- _Task prompt_: Set down, word for word, each line from the top of the data through the line that has "FOX CHASE - Residential"; omit every picture.

*** Block opens ***

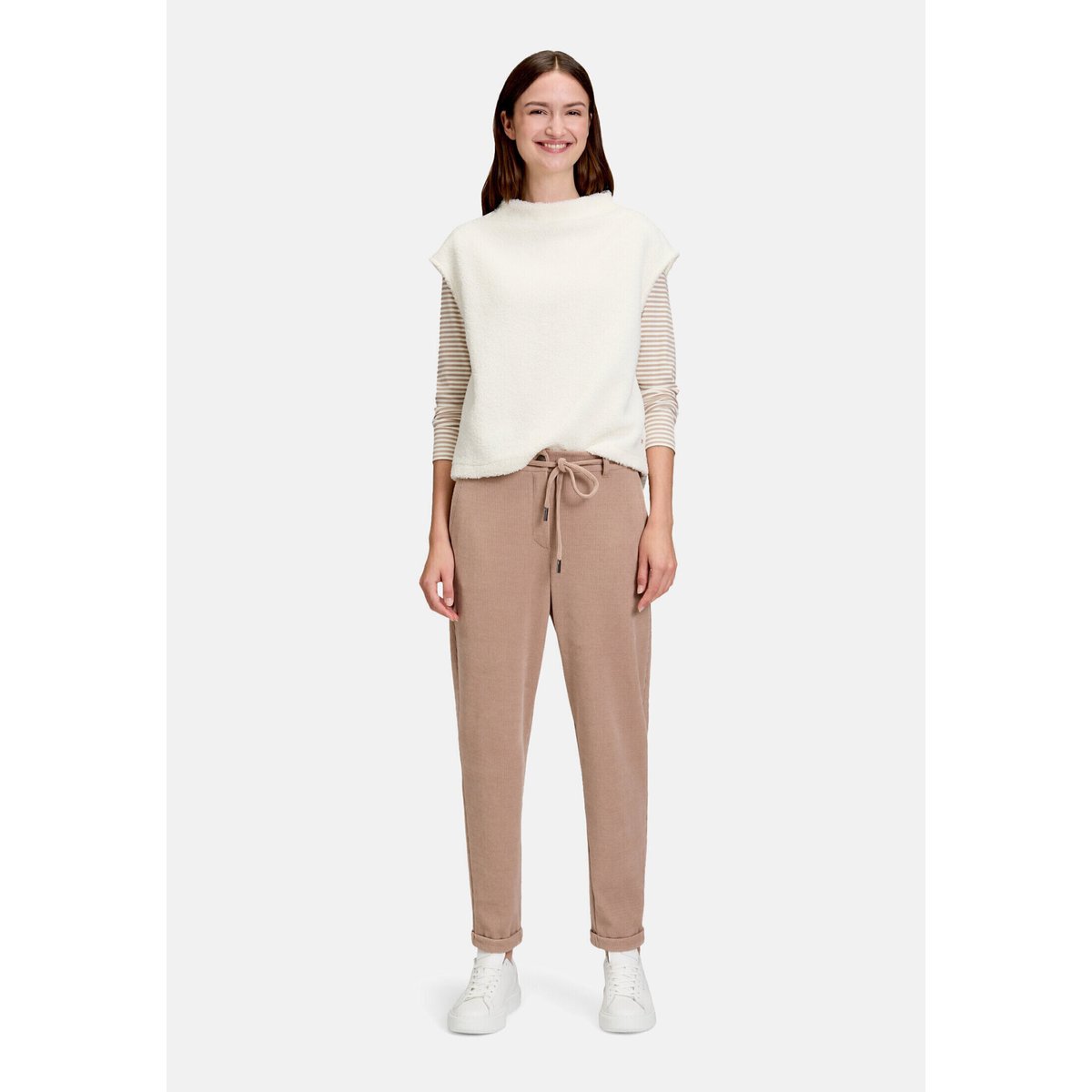 Pantalon casual avec structure powder pearl, BETTY & CO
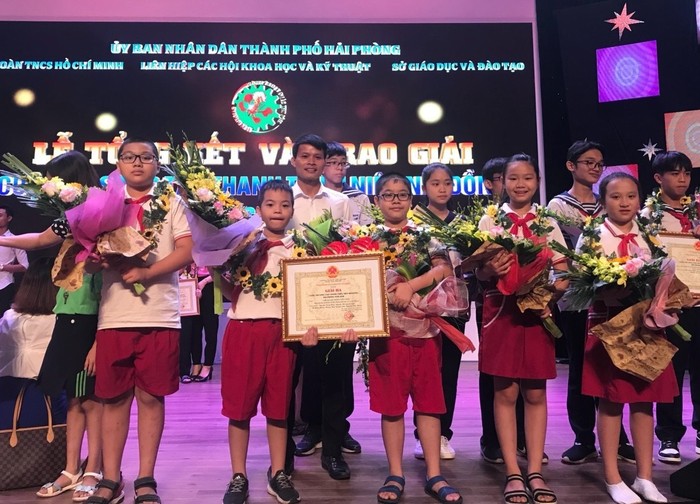 Thầy Đỗ Mạnh Tuyền cùng nhóm học sinh Trường Tiểu học Lê Hồng Phong tại cuộc thi sáng tạo thanh thiếu niên, nhi đồng Hải Phòng năm 2018. (Ảnh: Thu Ninh)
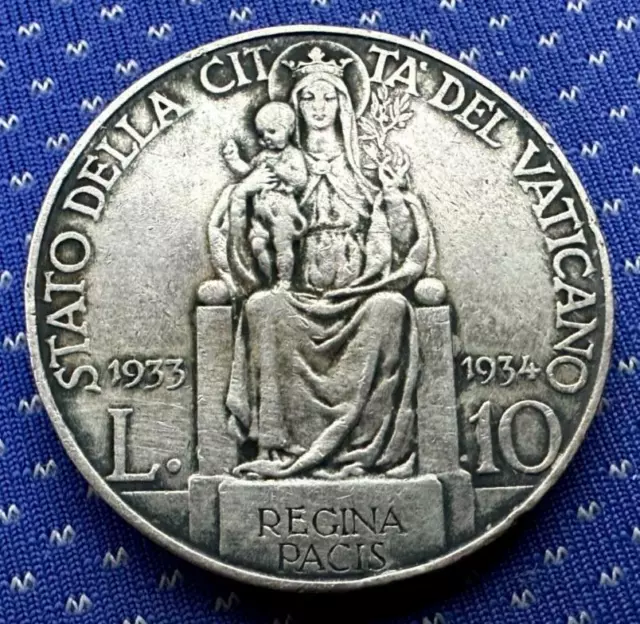 1933 - 34  Vatican 10 Lire Coin AU .835 Silver JUBILEE 50K Minted   #ZA53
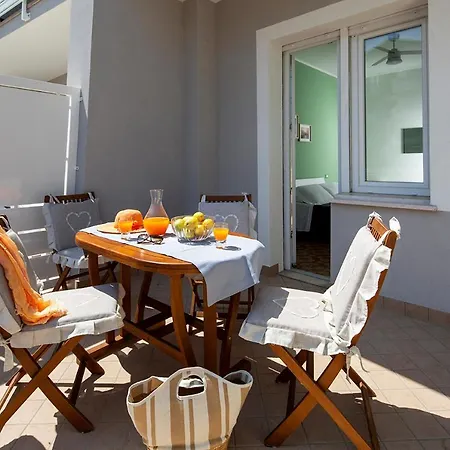 Appartamenti Villa Miramare Rimini Exterior photo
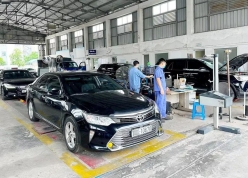 Từ năm 2026, đi đăng kiểm ô tô có thể không cần mang giấy đăng ký xe bản cứng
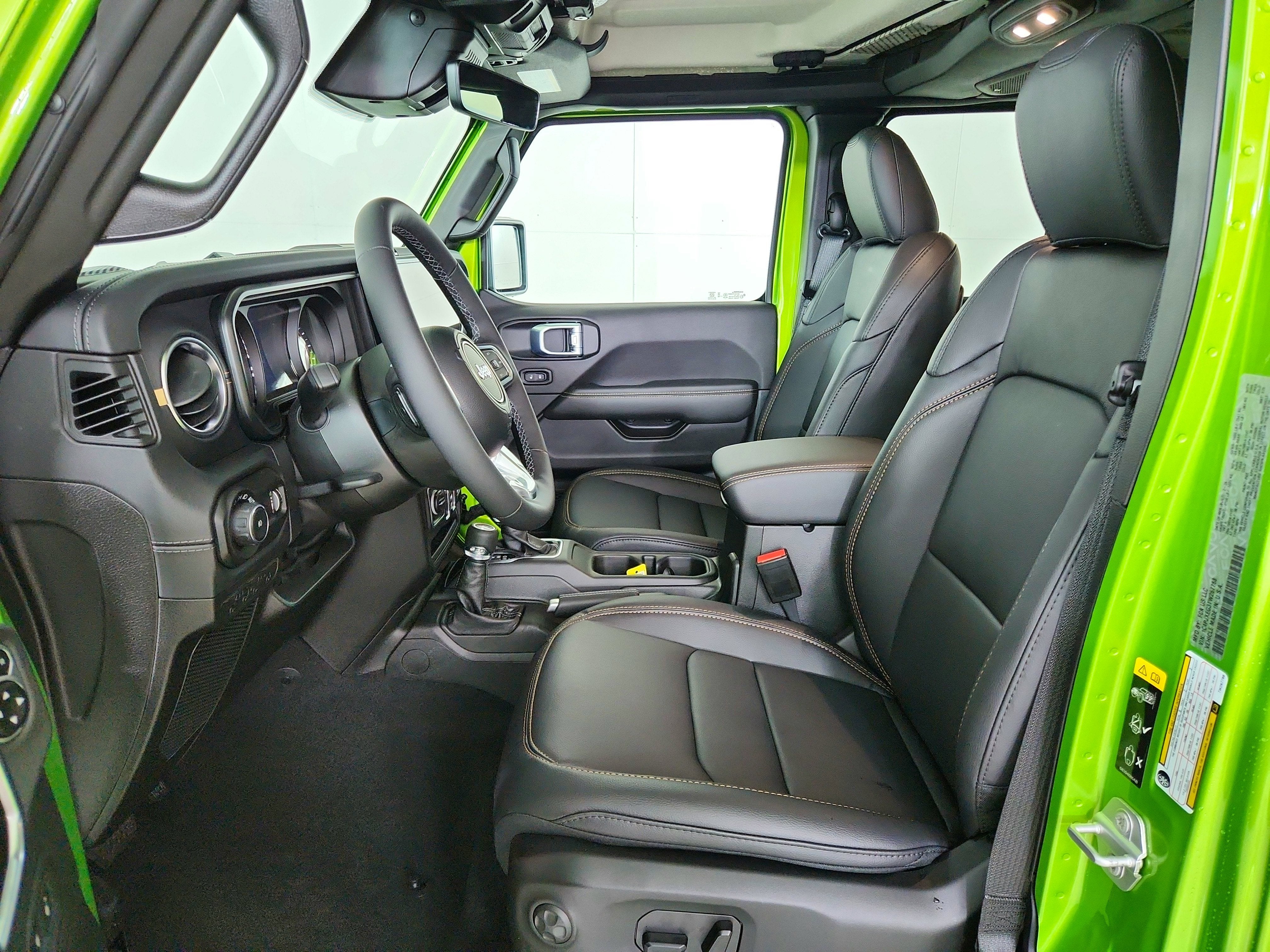 2026 Jeep Wrangler JEEP WRANGLER 4-DOOR SAHARA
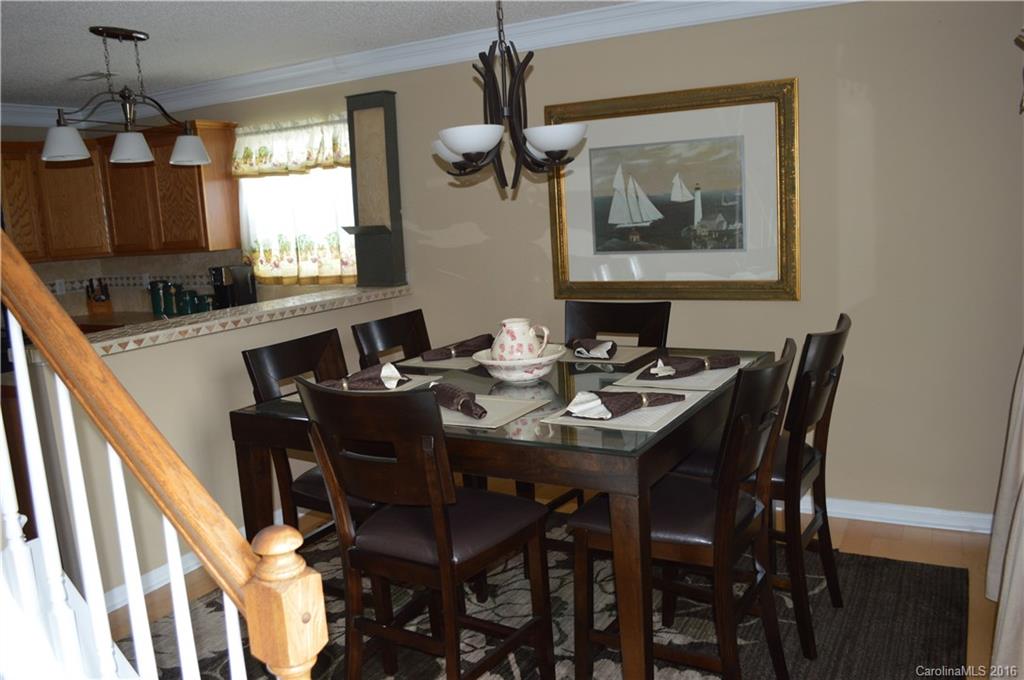 FOX CHASE - Residential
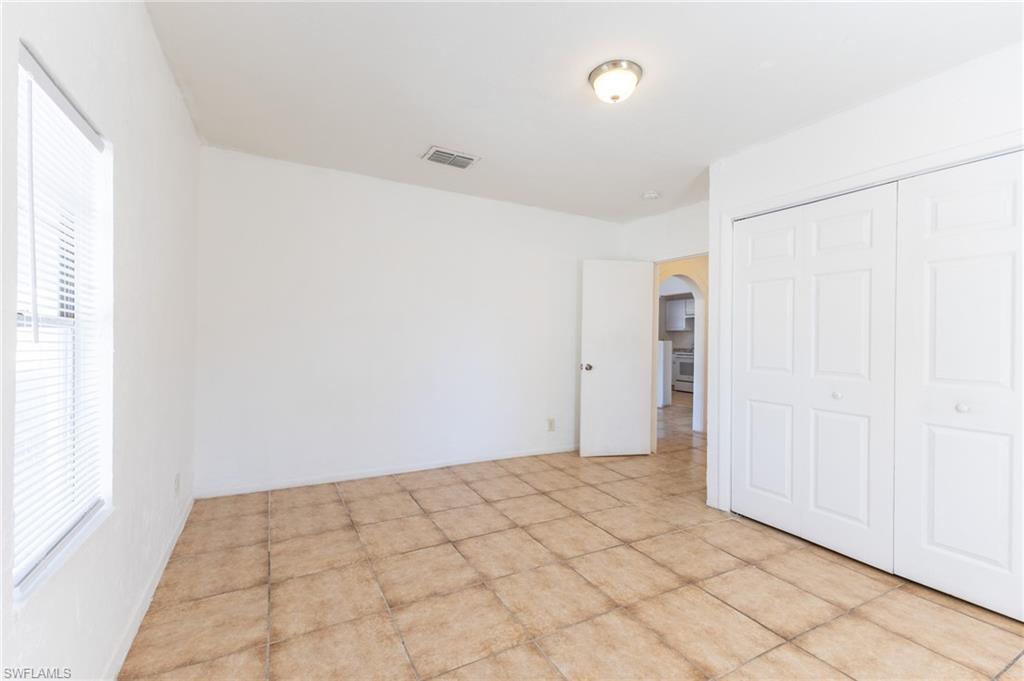 2428 Stella St Property Photo 16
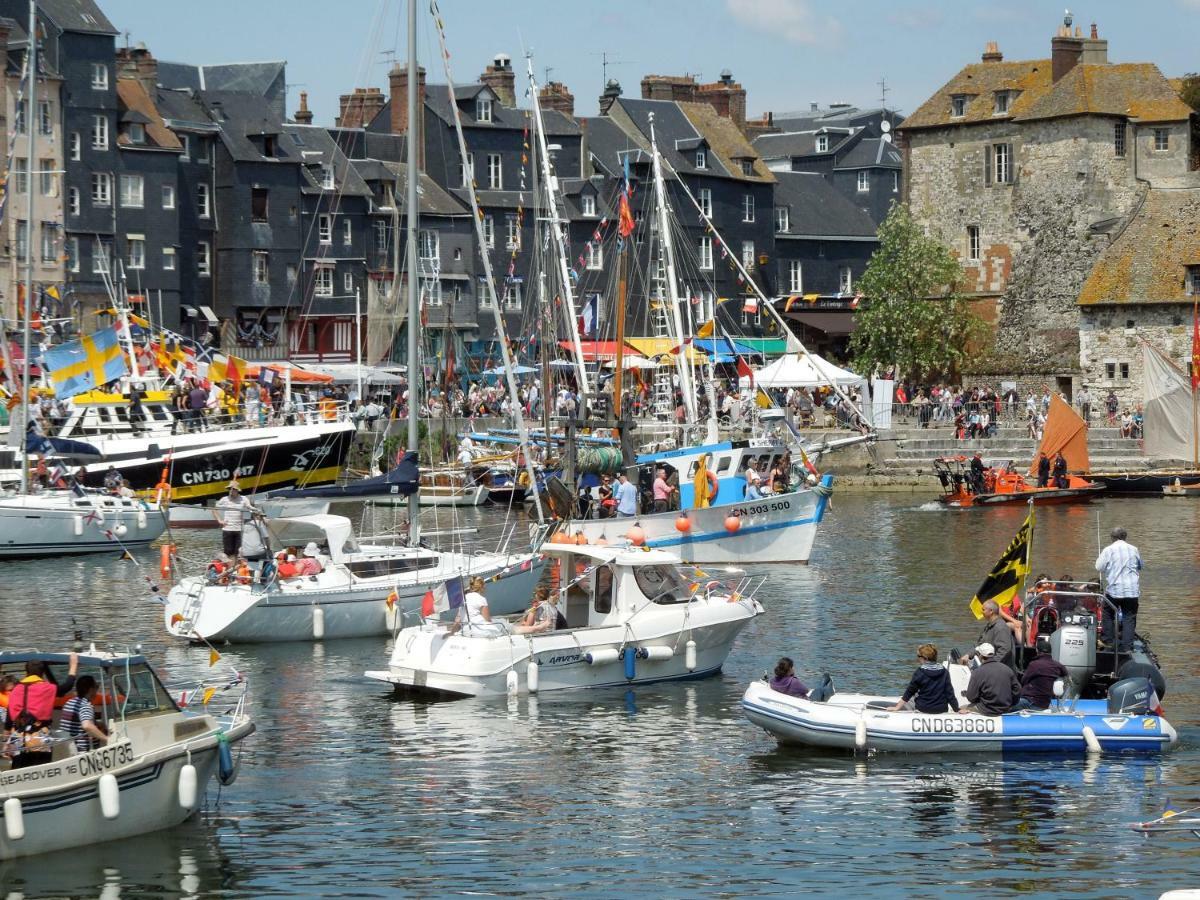 Le Loft De Cathy 1 Lägenhet Honfleur Exteriör bild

*** Block closes ***

- _Answer to this exercise_:
 Pantalon casual avec structure powder pearl, BETTY & CO
 Thầy Đỗ Mạnh Tuyền cùng nhóm học sinh Trường Tiểu học Lê Hồng Phong tại cuộc thi sáng tạo thanh thiếu niên, nhi đồng Hải Phòng năm 2018. (Ảnh: Thu Ninh)
 1933 - 34  Vatican 10 Lire Coin AU .835 Silver JUBILEE 50K Minted   #ZA53
 Appartamenti Villa Miramare Rimini Exterior photo
 Từ năm 2026, đi đăng kiểm ô tô có thể không cần mang giấy đăng ký xe bản cứng
 2026 Jeep Wrangler JEEP WRANGLER 4-DOOR SAHARA
 FOX CHASE - Residential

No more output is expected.